-- Thomas Wolfe, Novelist
You Can’t Go Home Again
Maybe you really can go home after all.
In all respect to the memory of Thomas Wolfe and his fictional character George Webber -- whose mythical journey back to the town, to the people and to the places of his youth led only to bitter disappointment -- maybe you really can go home.
That’s because “home” isn’t always green grass, familiar faces and a backyard swing. Sometimes it’s an unexplained warmth, a special feeling or a personal comfort like hot chocolate on a cold winter’s eve. “Home” isn’t always a physical thing as much as it is something of the heart, the mind and the spirit. “Home” is sometimes your beginning, the time in your life that you believe your life began.
After a 21-year absence, I have returned to a place I always considered my home ... the Cleveland Daily Banner, the newspaper that brought a rural, West Tennessee boy to the mountains and the company where I launched a continuing 33-year career in journalism. It is the newspaper that gave me a chance as a fledgling reporter right out of college in 1977 and the instructor that taught me some valuable lessons between student life and the real world. Back then I had a hairline, less waistline and no facial lines. Today, I have more forehead ... and probably more of everything else as well.
So why leave newspaper work in the first place? If it’s something you loved, why end this 12-year affair? You leave because you’re young, you’re eager and you believe you’re following your dream. You’re chasing opportunity and you’re conquering the world. It’s a great ride and you’re learning while doing. But the longer you’re away from your first love, the more you miss it. And the more you miss it, the keener your understanding of that adage about having “ink in your blood.”
That’s not to say I regretted spending 21 years in public information and community relations work for one of Bradley County’s finest non-profit organizations (United Way) and later for global manufacturers Maytag and Whirlpool. To quote that TV commercial, the experiences at both were “priceless,” the number of new friends made were countless and the memories of both will be everlasting.

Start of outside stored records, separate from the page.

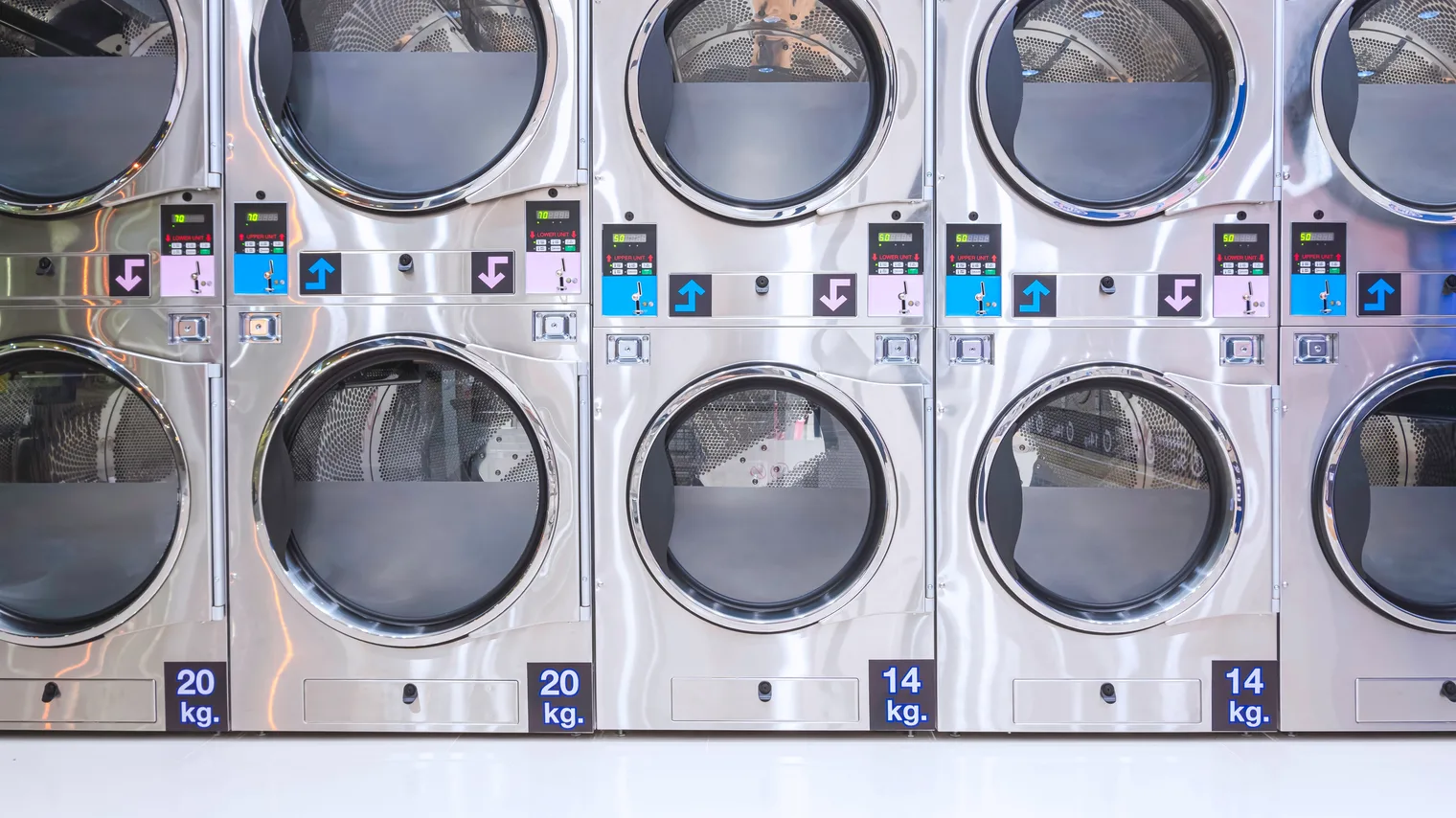 Stacked laundry machines seen straight on, their control panels and round loading doors facing the aisle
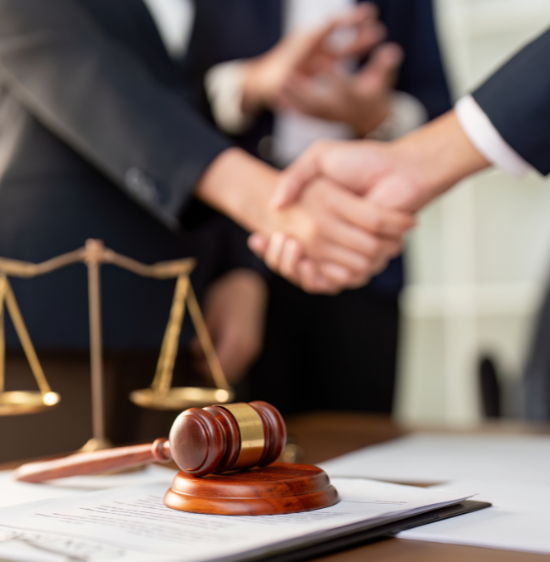 Dos personas estrechándose la mano en señal de acuerdo jurídico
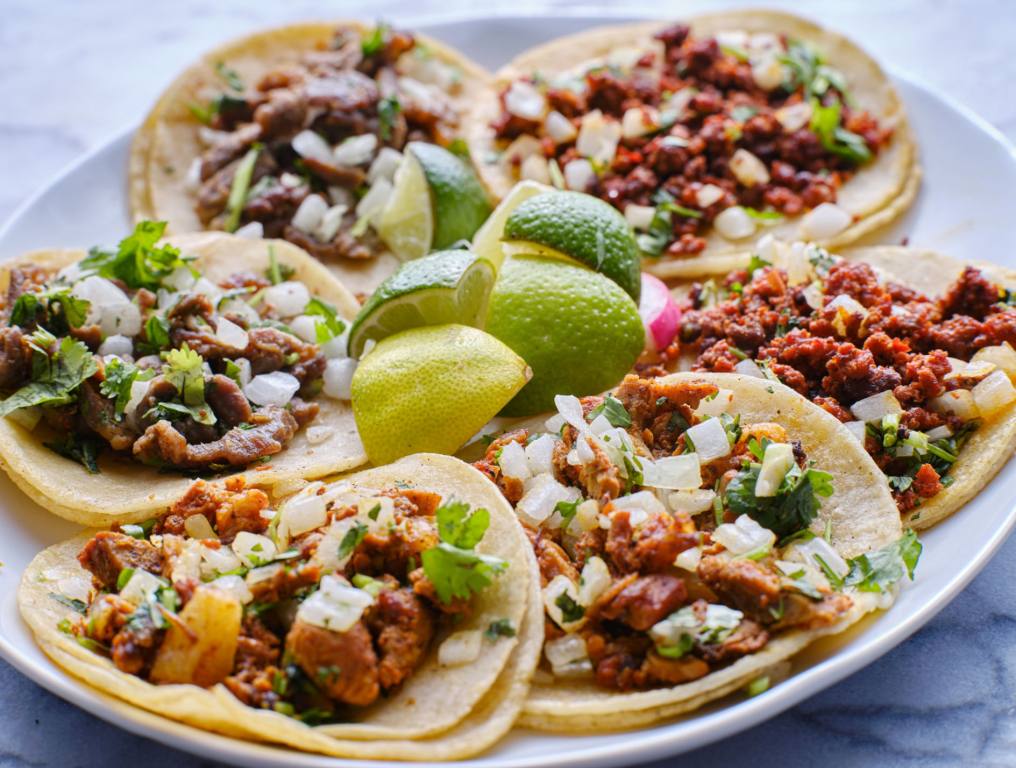 This image shows a white plate holding of three pairs of tacos. The pairs consist of carne asada, al pastor, and chicken tacos. Each taco consist of two corn tortillas, meat, cilantro, and diced onion. In the center of the plate sits a sliced up lime. The image is meant to depict tacos in Las Vegas.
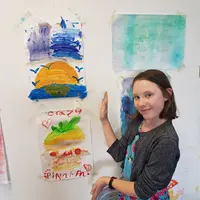 A young girl stands in front of a wall displaying various colorful paintings.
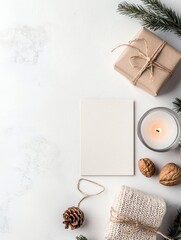 A flat lay composition featuring winter holiday elements like a gift, candle, and natural decor, suggesting a warm and festive atmosphere.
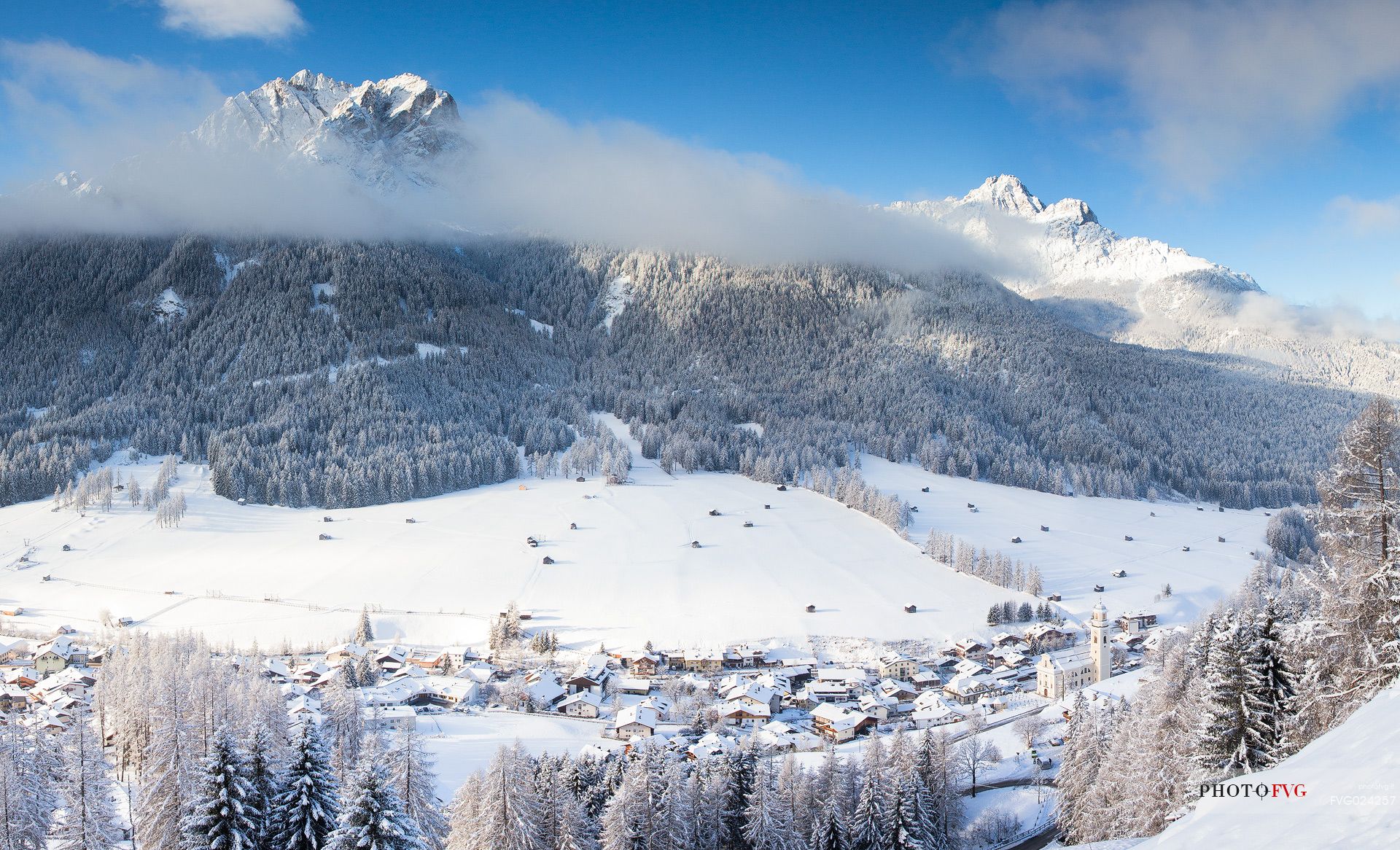 Sesto village and the Sesto dolomites in the background after a snowfall, Pusteria valley, Italy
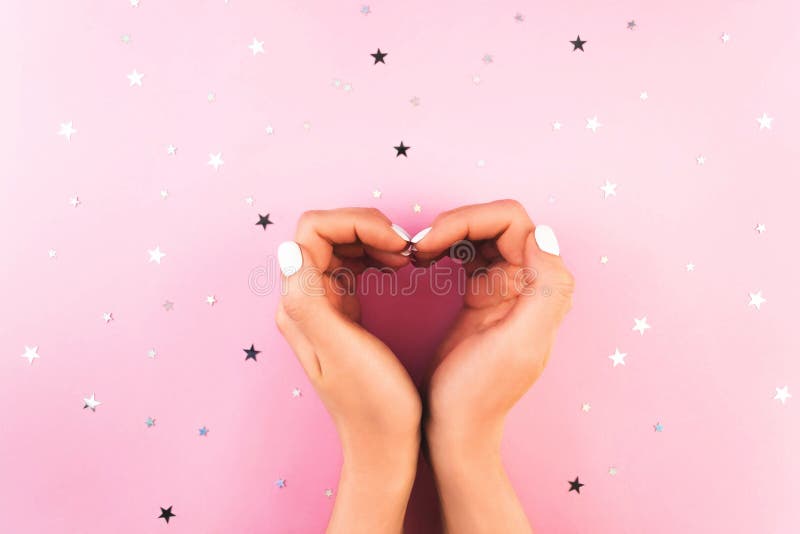 Love heart shape gesture. Two young woman`s hands with perfect white manicure on pink background with star confetti. Beauty, fashion, spa salon flat lay concept. Trendy wellness pastel nail gel polish. Love heart shape gesture. Two young woman`s hands with perfect white manicure on pink background with star confetti. Beauty, fashion, spa salon flat lay concept. Trendy wellness pastel nail gel polish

But, the burn for returning to my first love -- newspapers -- grew stronger each day that I was away.
That’s when opportunity knocked ... and the decision became mine on whether to open the door. It wasn’t an easy decision, nor was it painless. My personal loyalties toward employers have always run deep -- especially to those who have given me opportunities. Yet, change is a part of life and change can be good. Change refreshes. Change inspires. Change helps find your way ... even when you don’t know you’re looking for a new direction.
Now I have returned to the Cleveland Daily Banner ... to a place of my youth, to a teacher that helped me to grow and to a place I have always called home. Many of the faces have changed since my first time here, but the unique bond between those living the same vision remains.
The welcoming has been overwhelming ... so many smiles, so many handshakes and so many offers to help me re-learn the ropes. These newspaper folks are good people who work hard and who believe in their community.
They are my new family.
I feel I am home.
And Mr. Webber, it is good to be home.